Un processus de collecte rodé
Comment expliquer l’engouement suscité par ce dispositif au regard des 1000 personnes qui toutes les
semaines viennent déposer leurs bouteilles en plastique dans les points de collecte de la CADEMA? « Pour chaque 5 kilogrammes de bouteilles en plastique rapportés, la personne a droit soit à un paquet de couches pour bébé, soit à un paquet de savon, soit à des serviettes hygiéniques », détaille la coordinatrice.
Ainsi, une fois le contenu pesé, l’usager s’enregistre auprès de Soifia, la responsable médiation et assistante administrative. Un bon lui est alors remis pour récupérer auprès du commerçant le produit souhaité. « Les récompenses sont financés par la CADEMA et Citeo auprès du commerçant », informe la coordinatrice, avant de souligner qu’« au début on avait parfois à faire à des comportements de fraudes avec des bouteilles lestées de cailloux, de terre ou encore avec de l’eau ». Toutefois, précise-t-elle, « notre équipe a redoublé de vigilance ».
L’environnement, le social et l’économie
Si ces opérations de collecte incluent indéniablement une composante environnementale, elles n’en comportent pas moins une dimension sanitaire et sociale. « Nous avons un partenariat avec l’Agence Régionale de Santé et la Croix Rouge qui ont formé nos agents de médiation sur la santé et l’hygiène », se félicite Anne-Sophie Duroisin. Ainsi, durant la saison des pluies, les agents sur les points de collecte font de la prévention face aux risques que représentent les moustiques et les moyens de s’en prémunir.
En outre, ces collectes dynamisent également le tissu économique local. Tout d’abord en créant de l’emploi puisque l’entreprise qui les gère est dans l’insertion sociale. Les agents de collecte et de médiation employés sont ainsi en mesure de suivre des formations auprès de centres agréés. « On travaille aussi avec les commerçants pour les accompagner dans la production de factures, car certains au départ ne savaient pas comment faire », souligne-t-elle.
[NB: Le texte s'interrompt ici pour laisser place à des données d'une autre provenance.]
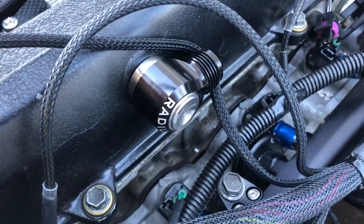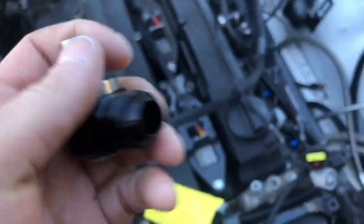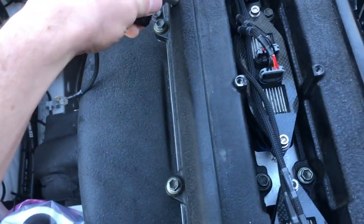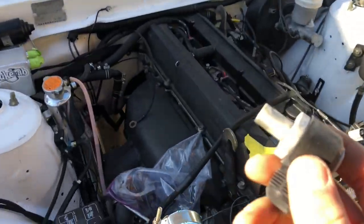We're installing our Radium valve cover press-in fitting. Here's what it looks like — it has a little o-ring so they can swivel. It doesn't really fit right now, so let's throw it in the freezer and let it sit in there.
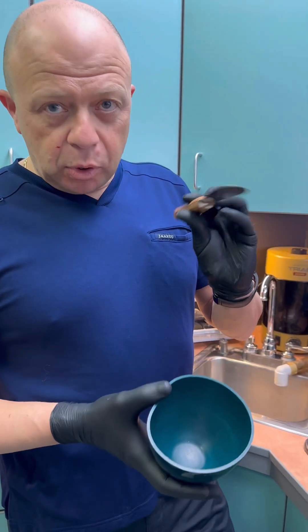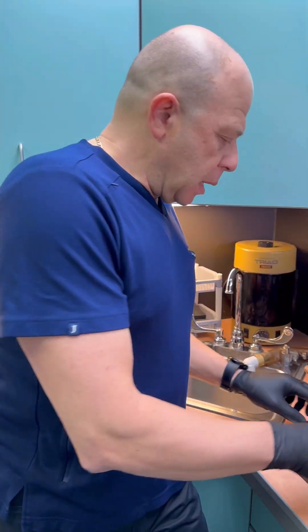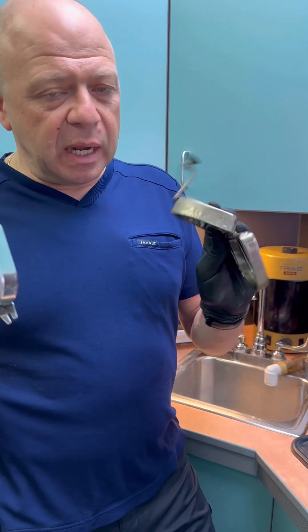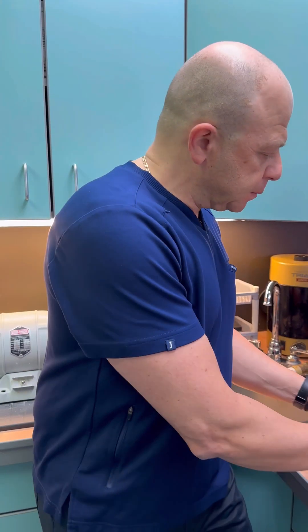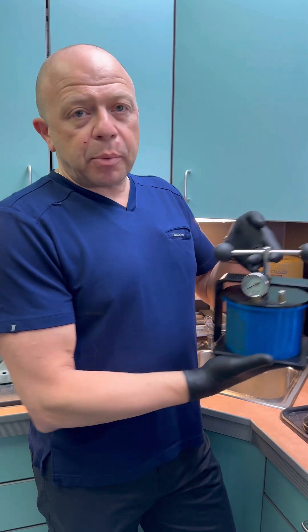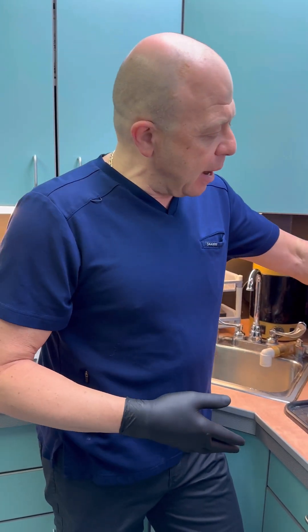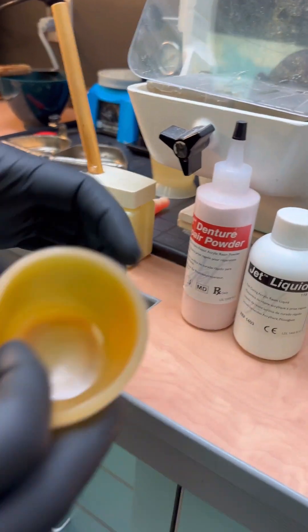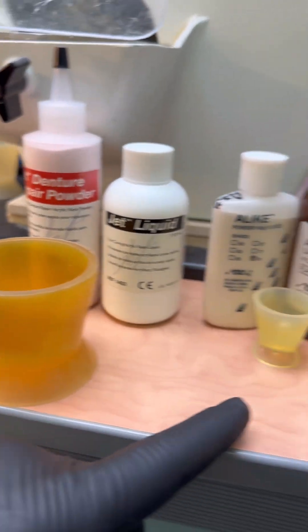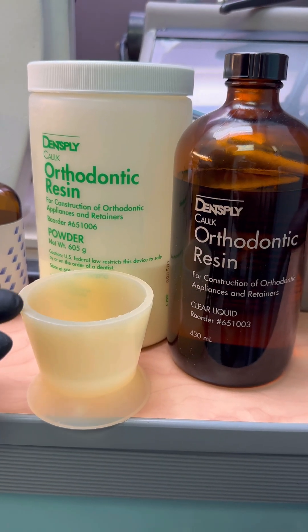What do we need? We need an alginate bone spatula. We need a sharp laboratory knife. We need our denture duplicating flask — they come in a couple of sizes, there's the small one and this is a larger one. We need a pressure cooker — this is a water activated one, and there's one that is activated on air. Vaseline. Repair acrylic with a proper bowl. Tooth colored acrylic with a proper bowl. And orthodontic resin, again with a proper bowl.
Un moyen d’assurer aussi « une montée en gamme du tissu économique de proximité ».
Quid de l’avenir de ce projet ?
Quelle suite donner à ce dispositif qui semble porter ses fruits ? « La CADEMA doit valider le projet en commission. Il va être étudié cet après-midi même et nous aurons un retour dans les prochains jours », affirme la coordinatrice, avant de conclure « si le projet s’institutionnalise, l’objectif est d’arriver à 16 points de collecte ». Une aubaine pour l’environnement, les emplois d’insertion et en définitive pour le mieux-vivre des habitants de la CADEMA.